Both motors are run in parallel on LGB diesels so it must be a part on the MTS board heating up and not working. 

Does this happen in both directions? 

B unit will go to idle if it is not moving as the sound unit has a sensor on one of the axles for rotation sensing. Same sensor as the Steam sound units for the chuff.


----------



## Trains West (Oct 4, 2008)

have you tryed running it on dc to see if it does the same thing?


----------



## Cougar Rock Rail (Jan 2, 2008)

How many miles has the engine got on it? Maybe one of the motors is worn out and now drawing far too much current, causing the decoder to shutdown to protect itself. Once it's cooled down again, it will run. 

Keith


----------



## LGBTA (Nov 11, 2010)

Less than 20 hours on the unit. Practically brand new.


----------



## LGBTA (Nov 11, 2010)

Either direction. EVERYTHING ELSE remains working EVEN the sound, which obviously goes into idle since it stops moving. Lights stay on, etc... It will not run again for a day or two... REALLY WIERD! I am CONVINCED it is the MTS part of the board. anybody have a board or an F7 I can scrap for a decent price?


----------



## Dan Pierce (Jan 2, 2008)

The sound essentially just runs off track power, it does not get any control from the A unit, just a track power cable(2 wire). 
The 4 wire cable is for speaker control. 

So, only the A unit lights and motors are controlled by the MTS board located in the A unit. 

Are you running analog or digital control of the engine? 

If digital control, can you operate the lights on/off.


----------



## LGBTA (Nov 11, 2010)

Analog... Running off a Control Master 20.


----------



## daylightguy (May 26, 2010)

Contact brigemaster. thay thay a lot of parts from LGBOA. but i would take a look at the motors. if thay sit a lot the grease will
get hard and will put a lot of starn on the MTS decoder a force on the decoder in to shut down

Daylight guy


----------



## Greg Elmassian (Jan 3, 2008)

If it was sitting and would not start up, maybe that could be a possibility. 

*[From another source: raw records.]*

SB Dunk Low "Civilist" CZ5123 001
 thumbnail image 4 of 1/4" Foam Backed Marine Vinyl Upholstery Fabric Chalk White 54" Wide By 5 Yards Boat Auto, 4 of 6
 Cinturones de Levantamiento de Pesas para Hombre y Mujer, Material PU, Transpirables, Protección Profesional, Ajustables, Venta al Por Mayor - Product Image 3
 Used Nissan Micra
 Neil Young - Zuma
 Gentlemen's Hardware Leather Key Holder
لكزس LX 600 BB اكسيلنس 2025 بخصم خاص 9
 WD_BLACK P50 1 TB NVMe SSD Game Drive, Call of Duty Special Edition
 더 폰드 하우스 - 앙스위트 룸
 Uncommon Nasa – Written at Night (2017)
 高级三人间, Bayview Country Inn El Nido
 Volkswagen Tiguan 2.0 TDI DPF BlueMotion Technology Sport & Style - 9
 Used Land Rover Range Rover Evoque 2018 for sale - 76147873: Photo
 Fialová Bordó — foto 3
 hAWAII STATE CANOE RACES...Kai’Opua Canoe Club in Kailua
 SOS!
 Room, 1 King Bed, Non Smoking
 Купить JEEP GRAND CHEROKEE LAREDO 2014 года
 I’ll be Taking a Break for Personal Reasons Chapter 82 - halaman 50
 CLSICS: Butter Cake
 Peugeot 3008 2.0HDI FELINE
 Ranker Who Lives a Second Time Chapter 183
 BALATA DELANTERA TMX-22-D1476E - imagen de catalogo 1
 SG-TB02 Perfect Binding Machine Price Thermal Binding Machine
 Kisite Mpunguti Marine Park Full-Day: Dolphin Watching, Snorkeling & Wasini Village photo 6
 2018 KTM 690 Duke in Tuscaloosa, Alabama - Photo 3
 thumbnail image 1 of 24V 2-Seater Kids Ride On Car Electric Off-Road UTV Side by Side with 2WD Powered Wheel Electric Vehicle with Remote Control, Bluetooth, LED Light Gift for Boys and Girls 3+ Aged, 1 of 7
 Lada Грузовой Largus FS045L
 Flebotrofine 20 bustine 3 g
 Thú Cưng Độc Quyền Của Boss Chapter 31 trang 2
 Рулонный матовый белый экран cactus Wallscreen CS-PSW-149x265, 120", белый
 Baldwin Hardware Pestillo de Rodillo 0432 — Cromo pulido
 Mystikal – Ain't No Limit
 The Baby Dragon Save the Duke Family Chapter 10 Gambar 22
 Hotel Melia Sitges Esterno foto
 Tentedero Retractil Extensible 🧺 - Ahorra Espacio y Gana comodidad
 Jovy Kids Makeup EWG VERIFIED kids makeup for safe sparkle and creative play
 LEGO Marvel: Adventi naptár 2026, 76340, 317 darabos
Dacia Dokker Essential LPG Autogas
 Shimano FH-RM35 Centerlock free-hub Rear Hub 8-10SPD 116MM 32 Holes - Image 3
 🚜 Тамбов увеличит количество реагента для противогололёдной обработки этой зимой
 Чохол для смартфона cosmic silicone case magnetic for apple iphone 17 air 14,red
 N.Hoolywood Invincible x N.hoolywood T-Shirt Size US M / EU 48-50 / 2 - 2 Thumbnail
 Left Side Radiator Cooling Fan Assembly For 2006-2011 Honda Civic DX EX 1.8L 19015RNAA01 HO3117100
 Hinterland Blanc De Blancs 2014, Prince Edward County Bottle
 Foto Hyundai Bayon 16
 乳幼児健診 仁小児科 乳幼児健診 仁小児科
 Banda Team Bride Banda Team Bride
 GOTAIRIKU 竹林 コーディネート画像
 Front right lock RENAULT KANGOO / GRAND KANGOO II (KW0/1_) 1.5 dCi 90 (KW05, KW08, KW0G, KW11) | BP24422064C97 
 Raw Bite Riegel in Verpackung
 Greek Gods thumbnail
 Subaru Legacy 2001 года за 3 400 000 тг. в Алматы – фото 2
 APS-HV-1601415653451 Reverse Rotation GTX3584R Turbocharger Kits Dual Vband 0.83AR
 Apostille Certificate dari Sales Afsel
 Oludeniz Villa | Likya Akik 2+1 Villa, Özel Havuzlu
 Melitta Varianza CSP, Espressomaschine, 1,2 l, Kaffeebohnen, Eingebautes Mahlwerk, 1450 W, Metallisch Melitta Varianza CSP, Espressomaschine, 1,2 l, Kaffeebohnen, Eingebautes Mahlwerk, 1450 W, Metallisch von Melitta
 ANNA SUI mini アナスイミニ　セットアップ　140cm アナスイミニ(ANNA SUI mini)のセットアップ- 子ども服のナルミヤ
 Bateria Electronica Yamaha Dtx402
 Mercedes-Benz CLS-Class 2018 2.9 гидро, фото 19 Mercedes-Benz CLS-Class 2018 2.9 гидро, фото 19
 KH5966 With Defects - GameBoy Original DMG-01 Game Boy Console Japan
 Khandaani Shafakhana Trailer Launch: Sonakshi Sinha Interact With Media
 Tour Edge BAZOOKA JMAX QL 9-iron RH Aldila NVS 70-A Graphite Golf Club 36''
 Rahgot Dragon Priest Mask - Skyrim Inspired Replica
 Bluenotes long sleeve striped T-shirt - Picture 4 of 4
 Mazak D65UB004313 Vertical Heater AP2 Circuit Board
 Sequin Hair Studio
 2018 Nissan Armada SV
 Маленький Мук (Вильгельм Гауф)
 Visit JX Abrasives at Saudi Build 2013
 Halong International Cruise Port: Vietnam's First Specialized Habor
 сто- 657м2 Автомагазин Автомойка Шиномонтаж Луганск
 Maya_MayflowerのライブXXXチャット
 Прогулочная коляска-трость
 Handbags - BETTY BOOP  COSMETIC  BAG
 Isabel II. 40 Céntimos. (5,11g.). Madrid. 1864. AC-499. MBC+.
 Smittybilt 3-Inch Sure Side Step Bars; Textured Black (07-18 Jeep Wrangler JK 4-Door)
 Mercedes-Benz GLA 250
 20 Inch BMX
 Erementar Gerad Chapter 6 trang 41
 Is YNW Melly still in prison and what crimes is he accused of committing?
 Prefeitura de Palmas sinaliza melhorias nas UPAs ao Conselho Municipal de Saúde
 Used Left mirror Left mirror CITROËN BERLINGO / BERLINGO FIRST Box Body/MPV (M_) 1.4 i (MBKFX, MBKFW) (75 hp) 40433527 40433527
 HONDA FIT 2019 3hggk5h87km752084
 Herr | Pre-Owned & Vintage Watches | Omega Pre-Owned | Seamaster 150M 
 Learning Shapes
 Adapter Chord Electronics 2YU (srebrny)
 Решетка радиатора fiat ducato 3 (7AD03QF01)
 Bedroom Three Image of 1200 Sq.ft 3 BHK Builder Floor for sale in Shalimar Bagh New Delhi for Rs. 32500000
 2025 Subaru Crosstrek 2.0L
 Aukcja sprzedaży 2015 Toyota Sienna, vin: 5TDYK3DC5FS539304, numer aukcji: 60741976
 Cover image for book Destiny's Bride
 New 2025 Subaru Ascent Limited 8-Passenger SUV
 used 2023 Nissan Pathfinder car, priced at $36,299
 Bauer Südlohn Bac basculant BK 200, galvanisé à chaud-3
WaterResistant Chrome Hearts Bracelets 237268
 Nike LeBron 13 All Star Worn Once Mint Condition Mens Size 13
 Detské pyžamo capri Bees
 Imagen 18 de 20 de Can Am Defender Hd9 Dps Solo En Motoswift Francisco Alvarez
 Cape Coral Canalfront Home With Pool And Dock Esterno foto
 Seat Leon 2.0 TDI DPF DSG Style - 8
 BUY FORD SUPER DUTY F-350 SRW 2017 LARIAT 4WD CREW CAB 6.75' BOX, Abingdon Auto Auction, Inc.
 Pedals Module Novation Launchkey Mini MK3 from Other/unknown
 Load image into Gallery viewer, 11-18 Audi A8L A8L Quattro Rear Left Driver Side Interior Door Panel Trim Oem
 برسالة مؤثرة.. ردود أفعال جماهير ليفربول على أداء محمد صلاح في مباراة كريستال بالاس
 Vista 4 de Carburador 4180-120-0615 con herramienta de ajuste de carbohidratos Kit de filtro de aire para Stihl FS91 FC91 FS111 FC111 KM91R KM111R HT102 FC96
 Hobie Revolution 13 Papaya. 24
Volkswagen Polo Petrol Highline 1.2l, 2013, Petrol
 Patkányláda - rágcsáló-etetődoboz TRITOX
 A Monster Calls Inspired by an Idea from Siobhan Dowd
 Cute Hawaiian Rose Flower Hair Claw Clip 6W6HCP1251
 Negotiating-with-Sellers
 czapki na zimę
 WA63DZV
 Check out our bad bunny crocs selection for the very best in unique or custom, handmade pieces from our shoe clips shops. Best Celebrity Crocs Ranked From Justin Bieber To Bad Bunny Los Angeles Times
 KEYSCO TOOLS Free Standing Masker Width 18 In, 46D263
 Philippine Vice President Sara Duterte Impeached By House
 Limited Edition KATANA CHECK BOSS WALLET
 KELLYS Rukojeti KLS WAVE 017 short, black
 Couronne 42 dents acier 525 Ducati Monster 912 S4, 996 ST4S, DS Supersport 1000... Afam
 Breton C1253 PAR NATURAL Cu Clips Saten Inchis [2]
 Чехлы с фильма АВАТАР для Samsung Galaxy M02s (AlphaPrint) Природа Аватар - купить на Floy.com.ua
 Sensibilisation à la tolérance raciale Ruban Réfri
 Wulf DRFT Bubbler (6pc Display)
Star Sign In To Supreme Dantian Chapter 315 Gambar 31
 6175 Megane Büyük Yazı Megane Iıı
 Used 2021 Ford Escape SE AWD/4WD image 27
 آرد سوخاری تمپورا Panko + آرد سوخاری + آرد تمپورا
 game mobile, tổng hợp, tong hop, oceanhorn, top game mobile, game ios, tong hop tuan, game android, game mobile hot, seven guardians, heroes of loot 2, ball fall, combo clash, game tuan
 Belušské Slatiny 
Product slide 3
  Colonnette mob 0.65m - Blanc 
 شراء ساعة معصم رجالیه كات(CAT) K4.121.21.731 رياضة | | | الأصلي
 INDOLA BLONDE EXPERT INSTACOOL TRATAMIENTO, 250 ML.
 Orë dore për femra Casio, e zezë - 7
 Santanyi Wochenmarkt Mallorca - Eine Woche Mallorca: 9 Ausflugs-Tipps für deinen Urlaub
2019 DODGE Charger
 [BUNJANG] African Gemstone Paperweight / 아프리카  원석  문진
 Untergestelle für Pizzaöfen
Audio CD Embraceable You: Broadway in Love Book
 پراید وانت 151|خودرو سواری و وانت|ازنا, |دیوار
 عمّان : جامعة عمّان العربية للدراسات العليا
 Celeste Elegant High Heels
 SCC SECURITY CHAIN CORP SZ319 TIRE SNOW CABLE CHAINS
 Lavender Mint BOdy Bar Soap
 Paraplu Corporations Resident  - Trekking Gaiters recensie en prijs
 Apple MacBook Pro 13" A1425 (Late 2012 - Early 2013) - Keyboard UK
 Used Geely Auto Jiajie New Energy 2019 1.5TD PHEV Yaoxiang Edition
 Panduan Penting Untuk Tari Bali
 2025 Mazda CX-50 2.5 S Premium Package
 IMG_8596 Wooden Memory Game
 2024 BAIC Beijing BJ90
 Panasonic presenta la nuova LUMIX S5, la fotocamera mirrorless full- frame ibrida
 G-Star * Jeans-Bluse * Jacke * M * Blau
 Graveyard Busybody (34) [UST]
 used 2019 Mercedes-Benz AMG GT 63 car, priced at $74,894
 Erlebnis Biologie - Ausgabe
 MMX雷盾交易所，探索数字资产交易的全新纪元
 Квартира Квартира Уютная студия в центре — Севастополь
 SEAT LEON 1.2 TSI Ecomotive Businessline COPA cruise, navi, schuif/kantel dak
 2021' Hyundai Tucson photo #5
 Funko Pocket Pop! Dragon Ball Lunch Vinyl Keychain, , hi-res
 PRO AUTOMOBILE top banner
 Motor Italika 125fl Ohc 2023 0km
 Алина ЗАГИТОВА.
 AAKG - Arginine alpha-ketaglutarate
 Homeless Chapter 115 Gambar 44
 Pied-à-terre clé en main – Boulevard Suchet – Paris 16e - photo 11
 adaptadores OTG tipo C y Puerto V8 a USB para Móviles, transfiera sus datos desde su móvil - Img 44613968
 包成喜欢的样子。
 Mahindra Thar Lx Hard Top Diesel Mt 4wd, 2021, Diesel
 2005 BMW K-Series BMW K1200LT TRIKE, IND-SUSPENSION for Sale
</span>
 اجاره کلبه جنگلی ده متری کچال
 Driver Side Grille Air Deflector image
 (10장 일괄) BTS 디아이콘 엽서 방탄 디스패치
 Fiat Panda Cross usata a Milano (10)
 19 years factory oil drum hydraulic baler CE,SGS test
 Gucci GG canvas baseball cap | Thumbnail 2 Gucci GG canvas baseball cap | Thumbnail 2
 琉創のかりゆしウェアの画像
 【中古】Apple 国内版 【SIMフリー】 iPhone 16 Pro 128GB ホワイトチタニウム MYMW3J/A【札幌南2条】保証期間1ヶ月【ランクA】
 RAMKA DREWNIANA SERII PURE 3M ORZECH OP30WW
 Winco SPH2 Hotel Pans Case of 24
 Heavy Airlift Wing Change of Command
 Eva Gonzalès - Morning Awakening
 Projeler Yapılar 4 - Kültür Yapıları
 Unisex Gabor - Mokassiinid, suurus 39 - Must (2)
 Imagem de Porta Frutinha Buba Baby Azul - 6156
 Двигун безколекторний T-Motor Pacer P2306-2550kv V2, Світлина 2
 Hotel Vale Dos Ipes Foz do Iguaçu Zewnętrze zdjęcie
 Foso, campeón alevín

But he is running and it shuts down, so grease would be more free, not getting harder. 

But maybe something similar, my guess is a bad solder connection that heats up and opens, possibly in the MTS decoder. 

Greg


----------



## LGBTA (Nov 11, 2010)

I'm with you on this one. Has to be a terminal board issue. At this point I am looking for a board or another F7 with MTS to cannibalize....

TA


----------



## LGBTA (Nov 11, 2010)

Bridgemaster? Can you please tell me more?


----------



## Cougar Rock Rail (Jan 2, 2008)

Can you try your engine on someone else's layout? When you run the engine at your place, how fast are you running it, ie. what % of max throttle? Can you measure the voltage your transformer is putting out? 

Keith


----------



## Madstang (Jan 4, 2008)

SORRY I MISSED THE "ANALOG" I saw you stated MTS that only refurs to the use of the decoders and the central stations, if you are using analog and they have the decoders inside the decoders are passive, and what I origionally posted does not apply....sorry. 

bubba


----------



## Ltotis (Jan 3, 2008)

Saw n LGB F7 for sale at $199 at JAmies Collectables here in Massachusetts. It was modified by the original owner by removing one power block and replacing it with a non-powered one. Not sure if it has MTS.
LAO


----------



## Dan Pierce (Jan 2, 2008)

LGBTA, where are you located? 

If you remove the board, I can check it out for you. 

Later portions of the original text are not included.